There is a haunted house at the end of my street.

Not haunted the way that everywhere is haunted, though. Haunted in the way that even people who can’t see ghosts know there are ghosts there.

I live in a pretty small town. The houses are far apart and the yards are big, and there’s forest all over the place, more than I’ve ever even managed to explore, so there’s always somewhere to go and get away from all the people. There are old stone walls in the forest, no higher than my knees. They used to be houses a long time ago, before they fell down and the trees grew back. I have a favorite tree that I love to climb, right at the edge of the woods. The bark is smooth and the branches are strong, so I know I won’t fall down. When I get up to the third branch, I’m behind the leaves, so I can see out and watch all the neighbors out on their lawns, but they can’t see me. It’s great for playing secret agent.
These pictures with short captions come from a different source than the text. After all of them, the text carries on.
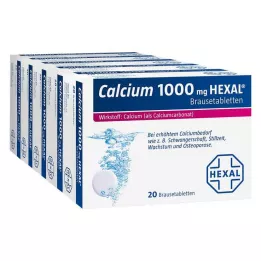 CALCIUM 1000 HEXAL Compresse effervescenti, 100 pz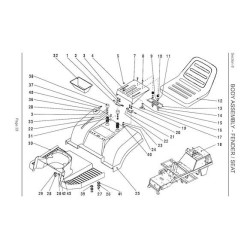 Ricambi Ama per Trattorino SG 180-102H - 13902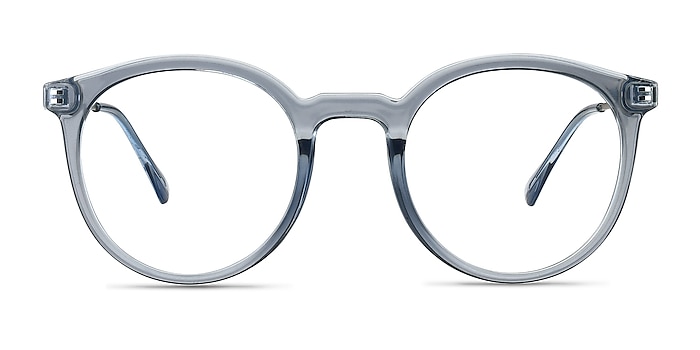 Grin Clear Blue Métal Montures de lunettes de vue d'EyeBuyDirect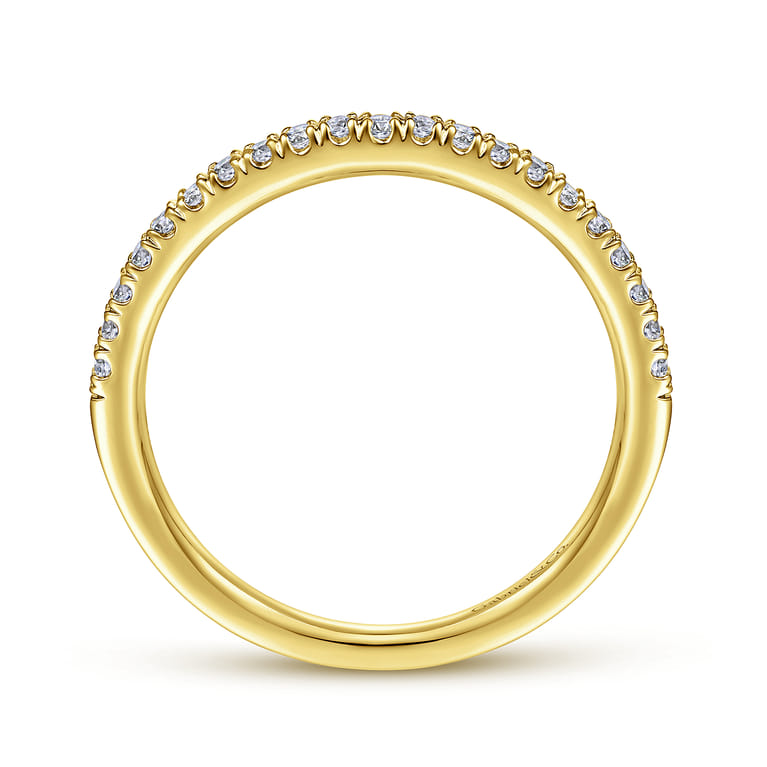 14K Yellow Gold Matching Wedding Band - 0.17 ct - Shot 2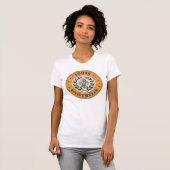 T-shirt Orange de Lohan d'université (Devant entier)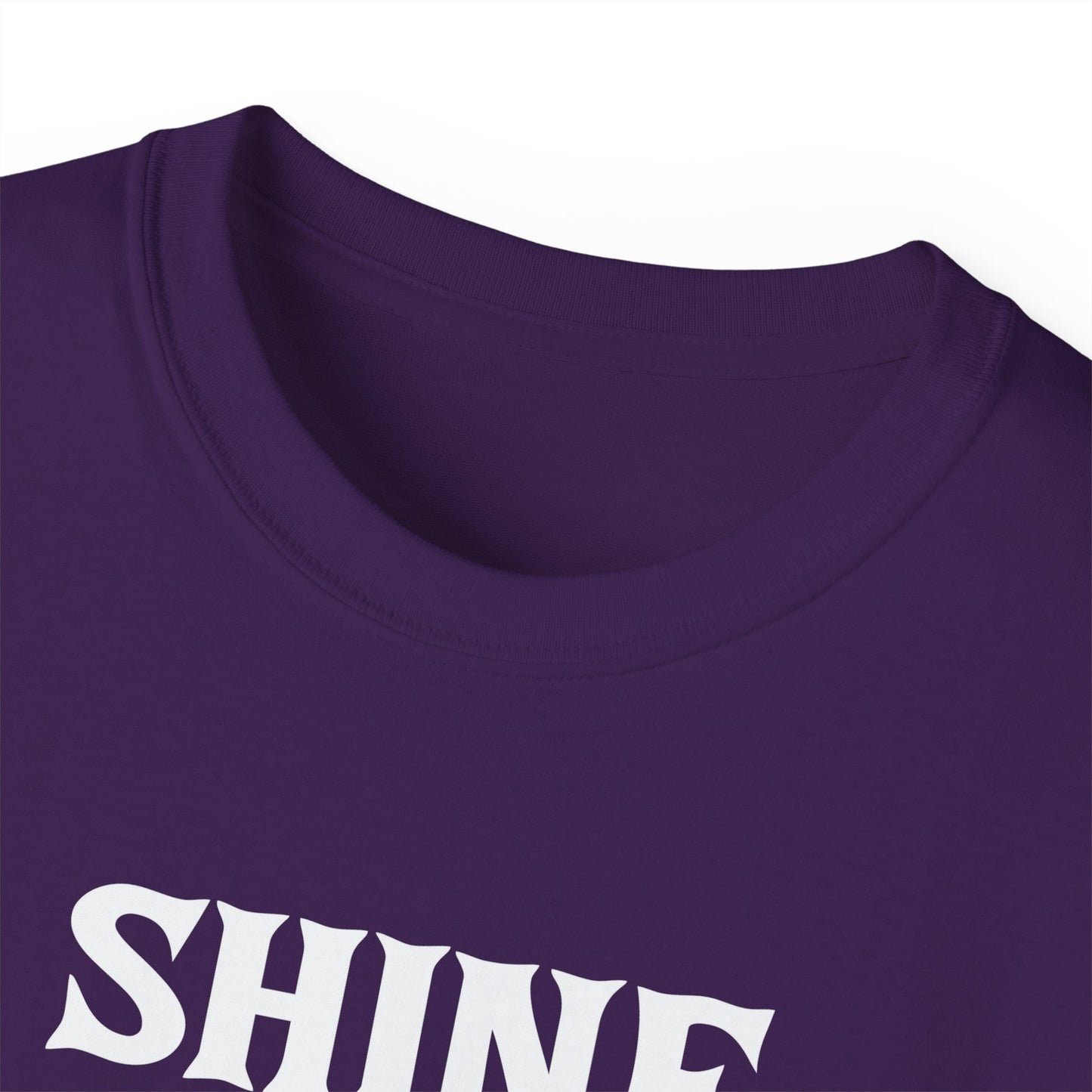 Shine With The Light Of Jesus Unisex Christian Ultra Cotton Tee Printify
One day my head was foggy so I went outside to go hide in my tree for a while. It was a nice day in the fall, bright and sunny, the perfect temperature to wear a windbreaker. The leaves were changing to bright, beautiful colors, but they weren’t falling down yet, so I could still hide behind them. Granpy was talking on the phone and making lots of noise, and I wanted some Peace And Quiet, so I put on my dark blue windbreaker and my shoes and I went out the back door and marched straight over to my tree.

When I got to the tree I was very unhappy, because there was someone already in it. It was a girl, a few years older than me, with light brown skin and long braids of black hair. She was wearing old-fashioned clothes, and she was sitting on my branch, right in my spot. She was crying very loudly with her hands over her face, sobbing like a little baby.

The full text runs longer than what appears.